Hairdressing adventures

Back in the day, my mom would tell me stories of how she had served as the occasional hairdresser in her youth, providing much needed grooming services free of charge to the aunties in her community. At that time, everybody apparently sported the same blunt communist era haircut. Grannies would get a bob cut, and girls would tie up longer hair in pigtails. “You just had to cut it straight”, she would say.

Anecdotally, my dad has also been cutting his own hair for decades. His tools of the trade are stored inside an ancient egg roll cookie container, along with a rainbow stripe colored sheet, used as a barber cape. Every few months, he would fish out the manual hair clipper and scissors to freshen up. The style is not exactly in vogue, but it is presentable and the only look I’ve ever seen him sport in my lifetime. I’d call it, functional dad hair.

Well who knew that COVID19 would practically shut down the entire economy, hair salons and barber shops included? Nick had started to pester me 2-months in about hair that was growing over his ears, and the mullet that he was starting to sprout. “Can you just cut around my ears?” he would ask. I knew that he was going to end up with a bowl cut if he planned to rely on my skills.

Given the experience and talent available to us, I suggested to Nick that, naturally, he should consider getting a haircut from my mom, using my dad’s haircutting tools! Unfortunately, Nick was not sold on this idea.
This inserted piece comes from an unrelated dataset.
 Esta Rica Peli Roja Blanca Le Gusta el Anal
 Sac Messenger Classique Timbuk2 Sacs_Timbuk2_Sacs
He was staunchly unconvinced of my mom’s hairdressing credentials and “did not want to have my dad’s haircut”. Instead, he turned to the world of YouTube for advice on his hairdressing adventures.

Based on “research”, Nick decided to use his beard trimmer as a hair clipper, as it came with an accessory guard.  The guard provided only one trim length, whereas his existing haircut had a gradient of longer hair at the top and front, and shorter cuts at the sides and back. How would this strategy provide a different cut than my dad’s look? I didn’t say anything.

Well not long ago, I watched a video of a guy who started cutting his hair using a beard trimmer and the battery died part way through. Yes, then this exact thing happened to Nick. Apparently, his old beard trimmer was not designed for cutting hair. The battery was already weak, and ended up dying from the added burden. He had to wear a baseball cap for a week while waiting for Amazon to ship him a new beard trimmer. His colleagues even commiserated on a Zoom call with their own baseball caps in solidarity– ha!  

Thankfully, the new trimmer arrived just in time for him to clean up his act before officiating a wedding on Saturday. Now he just has a long Eminem buzz cut, like my dad.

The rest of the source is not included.